### Supplied material
################

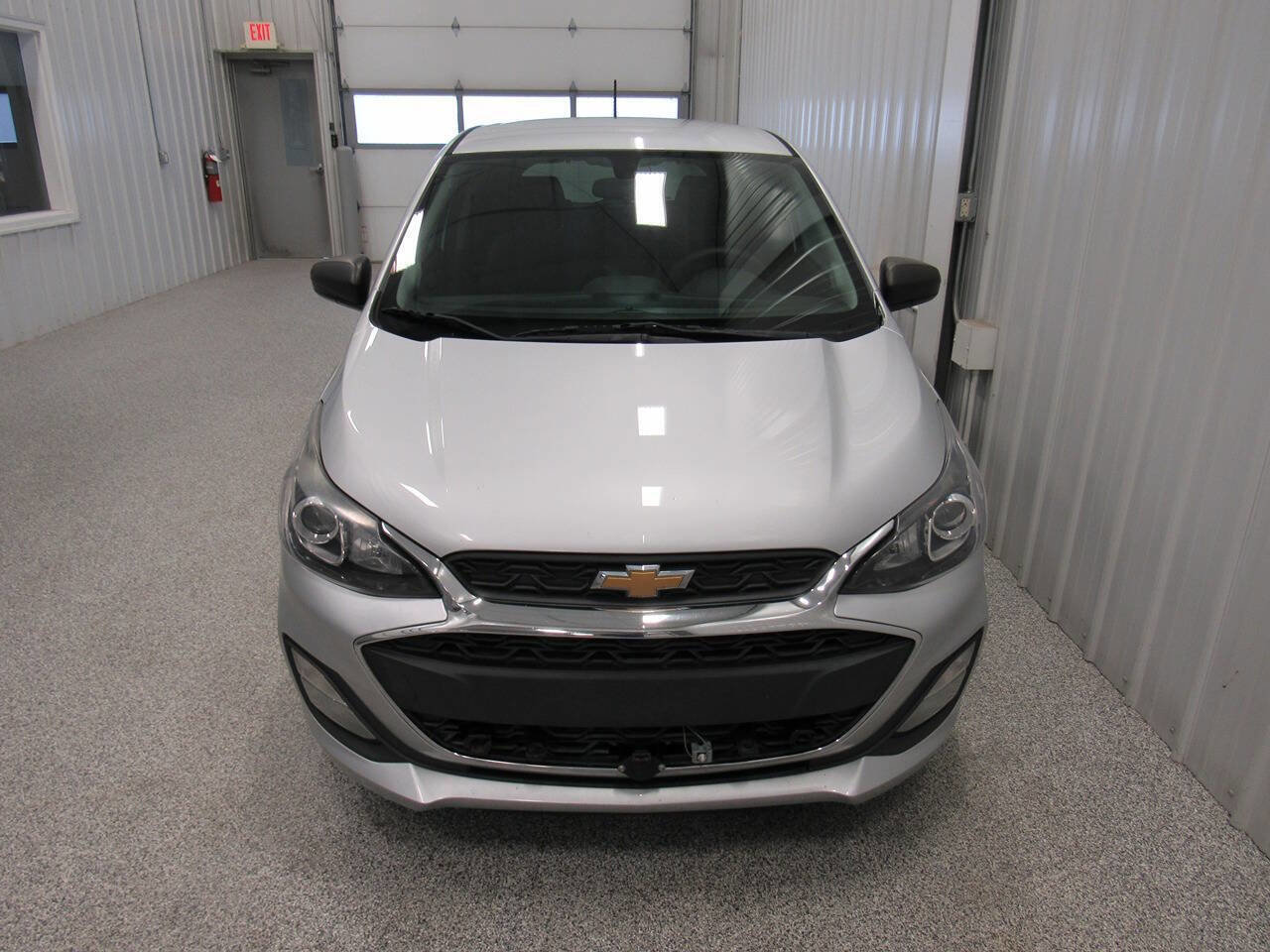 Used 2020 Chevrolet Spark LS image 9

################

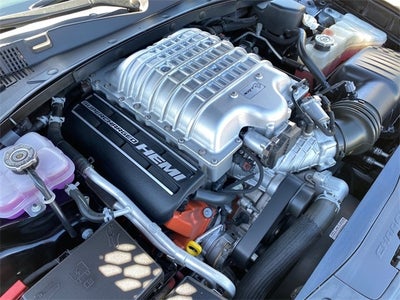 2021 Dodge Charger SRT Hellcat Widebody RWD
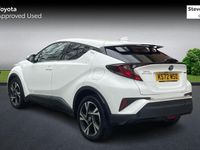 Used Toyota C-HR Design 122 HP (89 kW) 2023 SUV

################

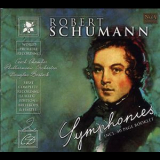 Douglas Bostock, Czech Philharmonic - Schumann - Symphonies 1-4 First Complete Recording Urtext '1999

################

### Exercise goal
Starting at the line with "2021 Dodge Charger SRT Hellcat Widebody RWD" in the entries above, write out every line exactly until the line with "Used Toyota C-HR" has been written. Include no pictures and nothing more.

### Task solution
 2021 Dodge Charger SRT Hellcat Widebody RWD
 Used Toyota C-HR Design 122 HP (89 kW) 2023 SUV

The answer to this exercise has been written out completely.